Question

Result of scanpy tools rank_genes_groups

0

Entering edit mode

4.0 years ago

el24 ▴ 40

Hi everyone, I'm clustering my single-cell data using Scanpy package, and I use rank_gene_groups to rank genes for characterizing groups. This returns names, scores, logfoldchanges, and pvals_adj for my Anndata format. I'm trying to interpret scores for this data, but I couldn't find any information except their source code. The values for scores are usually between about 1.2 to 39. This range doesn't make sense based on their definition, as below:

scores: structured `np.ndarray` (`.uns['rank_genes_groups']`)
    Structured array to be indexed by group id storing the z-score
    underlying the computation of a p-value for each gene for each
    group. Ordered according to scores.

A couple of lines from my result is shown as follows. 0-n means the 'name' of cluster 0, followed by 0_s as 'scores', 0-p as 'pvals_adj', and 0_l as 'logfoldchanges' for cluster 0. Afterward, we have the same data for other clusters. (I have 5 clusters, but not all are shown in the image)

Could you please tell me what "scores" really mean in this result? Your help would be much appreciated! Thanks a lot in advance!

gene scanpy seurat rank_gene_groups clustering • 6.4k views

ADD COMMENT • link updated 3.6 years ago by Raz ▴ 10 • written 4.0 years ago by el24 ▴ 40

0

Entering edit mode

What makes you think 1.2 to 39 doesn't make sense for z-score?

ADD REPLY • link 4.0 years ago by shoujun.gu ▴ 350

0

Entering edit mode

Hi @shoujun.gu

The reason is that they are all positive values so I was wondering how could it be possible?! unless these are absolute values for z score, but I am not sure.

ADD REPLY • link 4.0 years ago by el24 ▴ 40

0

Entering edit mode

The default setting of "tl.rank_genes_groups" is to return top 100 marker gene. I think all positive z-score is expected.

ADD REPLY • link 4.0 years ago by shoujun.gu ▴ 350

0

Entering edit mode

Yes, it's correct that the default is n_genes=100, but I'm using all available genes as n_genes=adata.to_df().shape[1] in my code.

ADD REPLY • link 3.9 years ago by el24 ▴ 40

1

Entering edit mode

In the source code, 'rank_genes_groups' uses stats.ttest_ind_from_stats() for default method, which returns t-statistics. You may double check the value of your adata.shape[1], or try using something like adata.raw.shape[1] or adata.X.toarray().shape[1].

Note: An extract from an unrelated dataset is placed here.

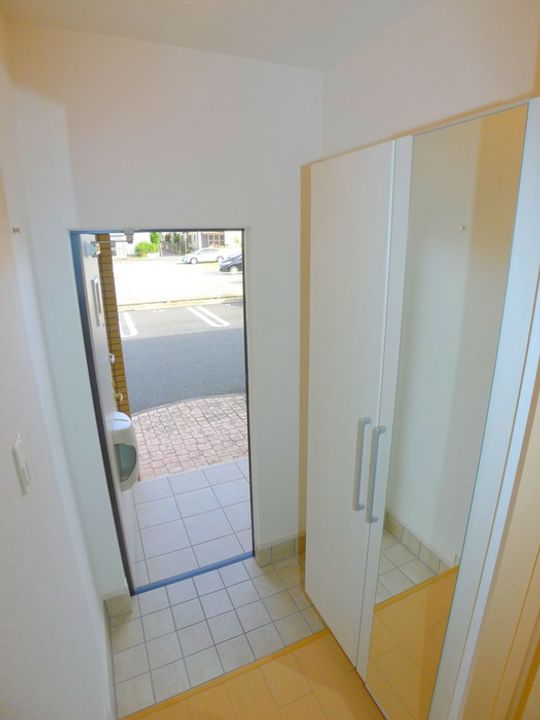 ディアフォレストIの玄関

ADD REPLY • link 4.0 years ago by shoujun.gu ▴ 350

0

Entering edit mode

Sorry for the confusion, I updated my response above as I forgot to write the to_df() function above but I had it in my code. I have used n_genes=adata.to_df().shape[1] so that part is fine and I could see the size of the output is as I expect. Although the other way also works for me - without using to_df()

ADD REPLY • link 3.9 years ago by el24 ▴ 40

score 0 · Answer 1 · 2020-09-05

Hi @el24,

I have a question for you, I also would like to use scanpy for getting differntially expressed genes between to time-points data. But I do not know how to write my data in the AnnData format, if you know, could you please help me?

For each time-point, I have 200 cells and 10000 genes, and a gene expression matrix with this dimension. Let suppose A0 and A10 are the gene expression matrices for time-pints 0 and 10. c1-c200 are the cell names for time-point 0 and c201-c400 are the cell names for time-point 10.

I would be thankful if you help me to solve this issue.